Most soft cores can be equipped with
the standard breakpoint hooks and even
instruction trace facilities. Other features
include logic analyzer-style trace support
for other soft components within the
FPGA, which can often be synchronized
with instruction trace. Computex provides
trace probes for Xilinx’s MicroBlaze, as
well as logic-analyzer-style support.
Another neat trick offered by some
FPGAs is the ability to read the status of
almost any register in the system without
the need for additional trace support
within the FPGA fabric. Xilinx FPGAs
allow the JTAG port to read while the
device is running.
Almost a third of all hard-core and
soft-core FPGA designs incorporate multiple
cores. Standard interprocessor communication
IP is often available from the
vendors, and it’s usable in operating systems
and applications. For example, Xilinx
features shared or dual-ported memory
and hardware semaphores.
Shared memory is more common than
SMP configurations due to its simplicity.

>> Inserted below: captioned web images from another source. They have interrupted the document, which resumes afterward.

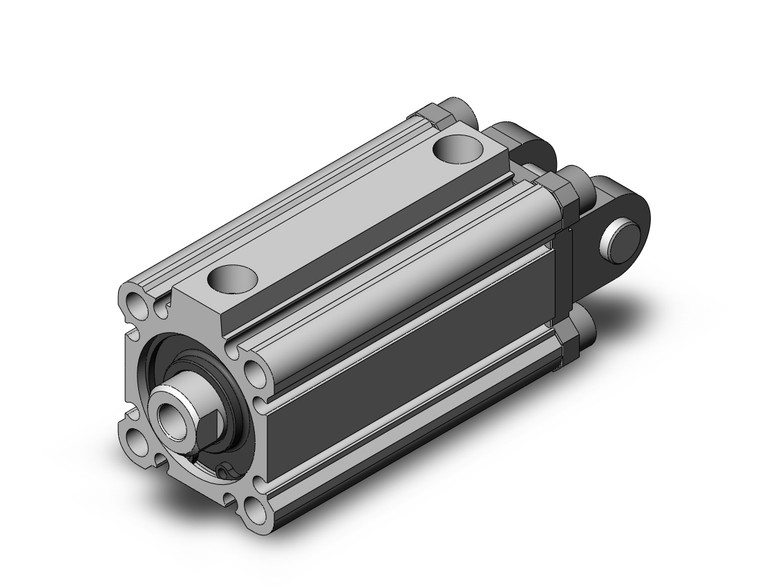 SMC NCDQ2D32-50DZ Compact Cylinder, Ncq2-Z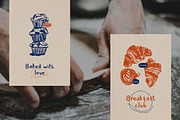 Food and Drinks Illustrations Part 2, a Food Illustration by iStar Design (Thumbnail 2 of 15)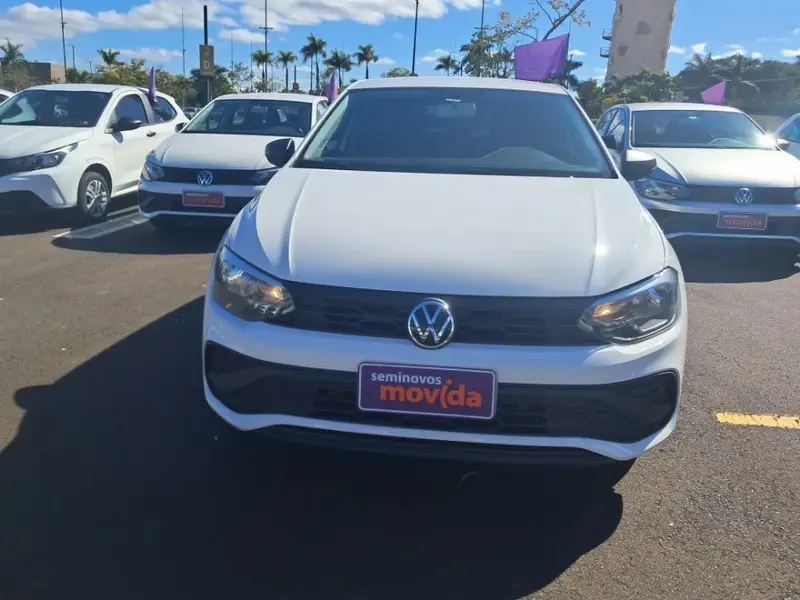 Volkswagen Polo Track 1.0 Flex 12V 5p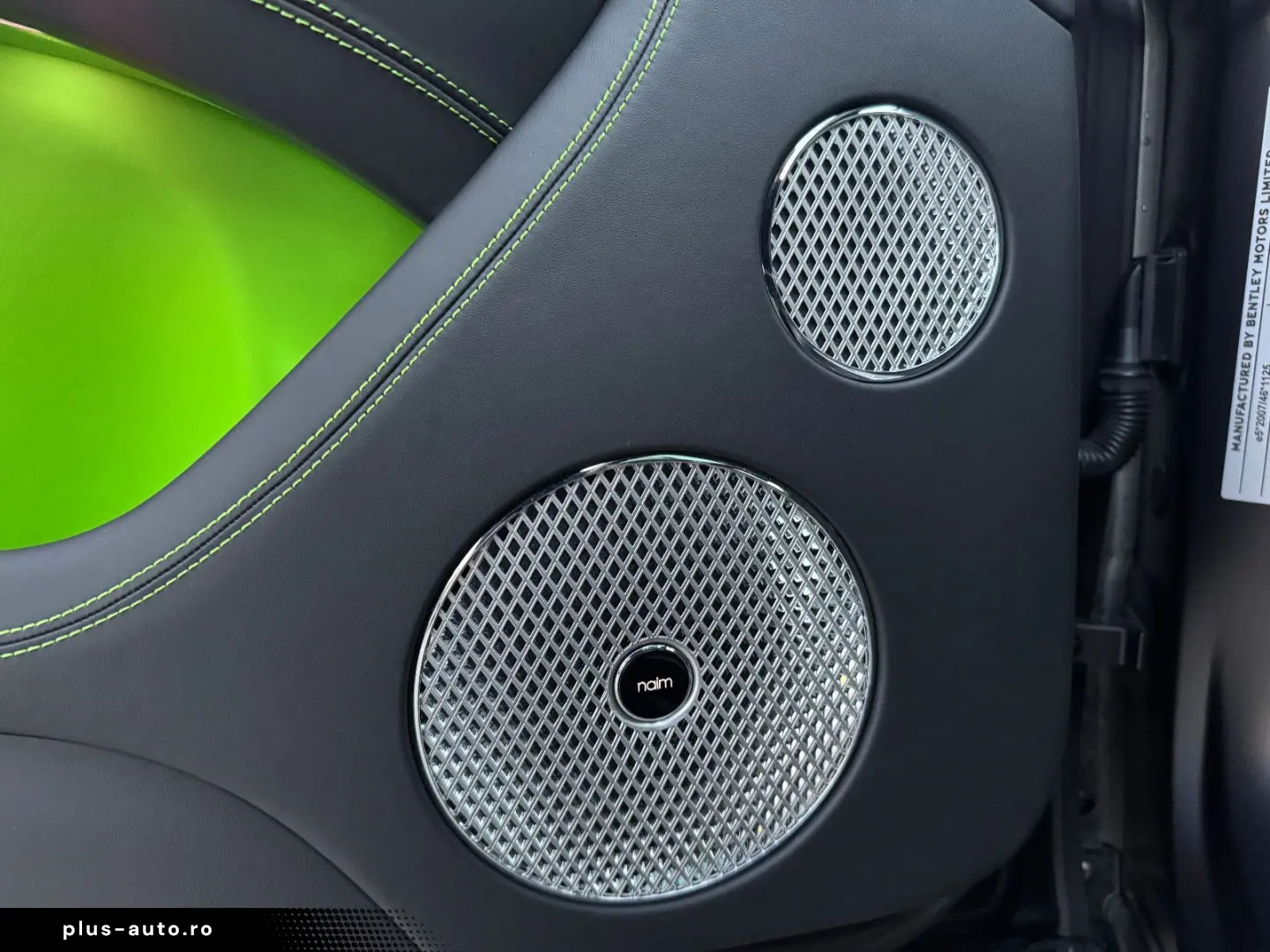 BENTLEY Bentayga S V8 BLACK EDITION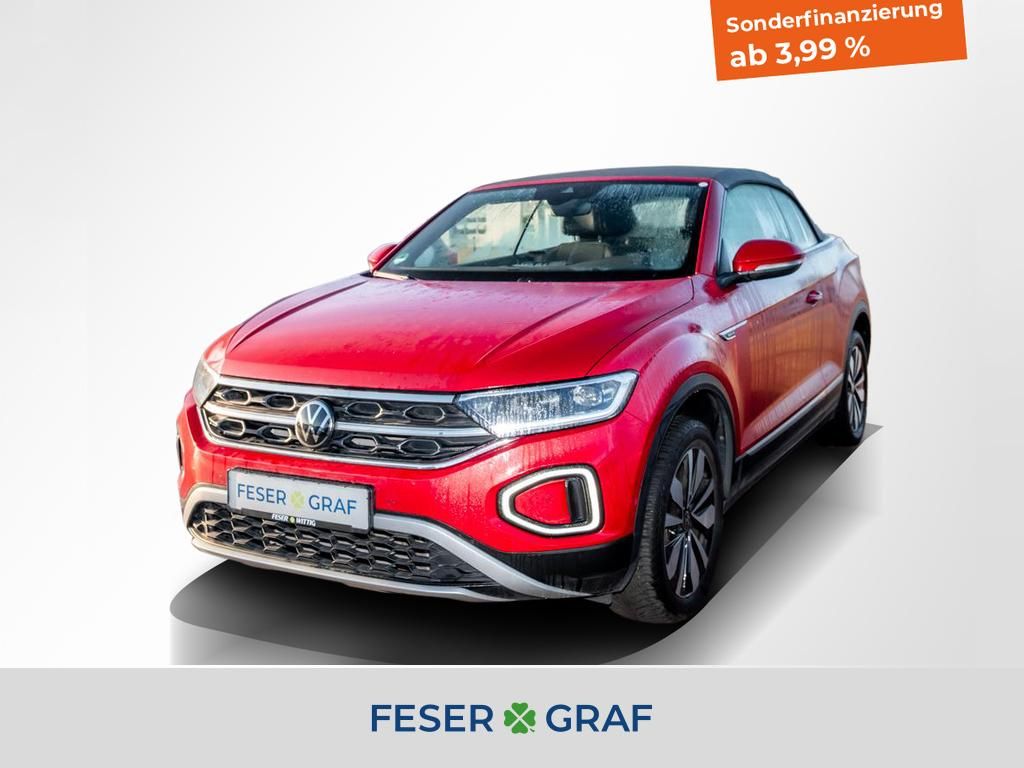 Volkswagen T-Roc 2024
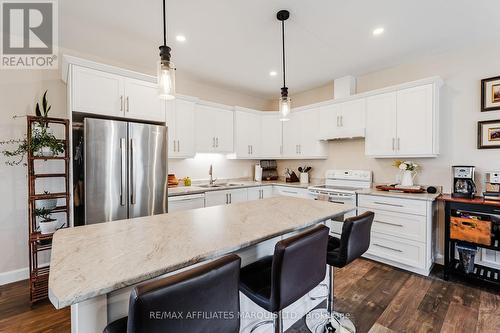 2391 Watson Crescent, Cornwall, ON - Indoor Photo Showing Kitchen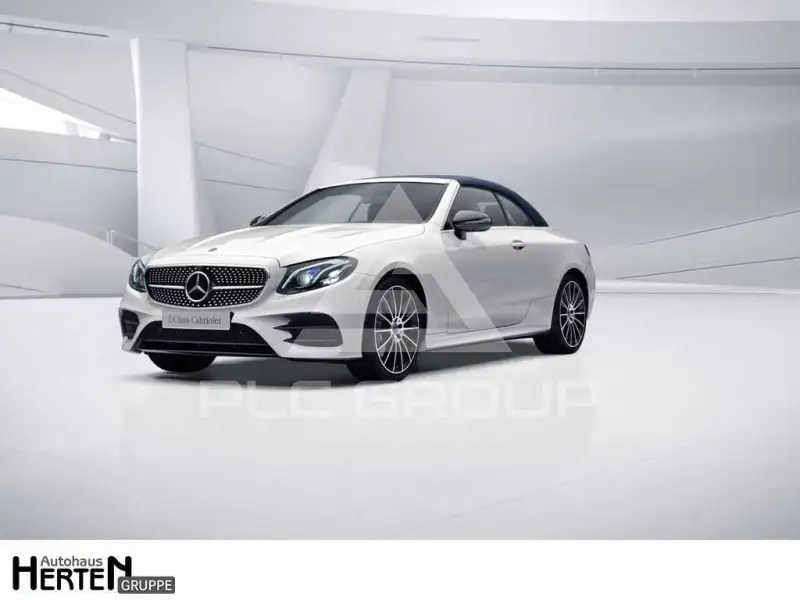 2020 Mercedes Benz E 300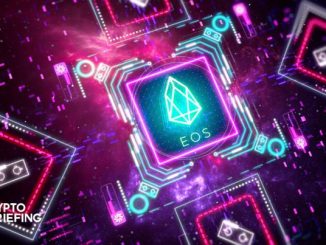 EOS Rallies 24% Ahead of Antelope Rebrand 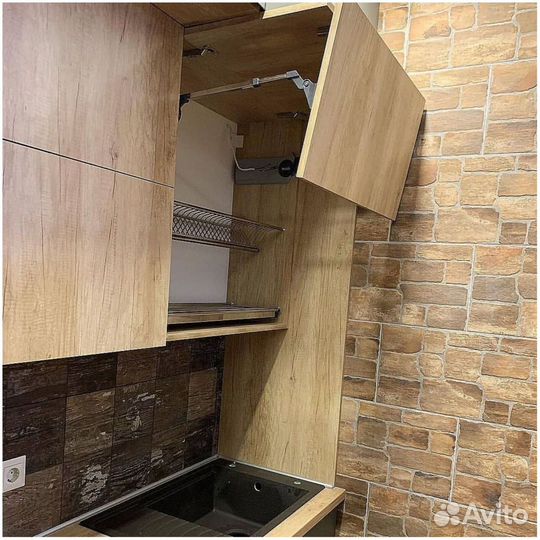 Кухня на заказ. На любой бюджет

Most tools automatically generate
the source files to support the interfaces,
such as hardware semaphores, but not any
higher-level communication facilities.
If your custom IP isn’t too complex and
you’re looking for an 8-bit core, consider
Cypress Semiconductor’s PSoC. It can
handle a wide range of chores and includes
mixed-signal support (see “Mixed-Signal
Processors Can Aid Visual Robotic Development,”
ED Online 18513). The PSoC isn’t
as flexible as an FPGA, but its customization
greatly exceeds that of a standard
microcontroller.
Developers use PSoC Designer to configure
the digital and analog interfaces. It’s
similar in functionality to most FPGA tools
like Xilinx’s ISE, but much simpler and easier
to use. The PSoC Express development
tool, which employs a graphical programming
language, is even easier to use.
An FPGA may not fit all design requirements.
Still, developers may discover that it
can be a desirable alternative to standard
microcontrollers.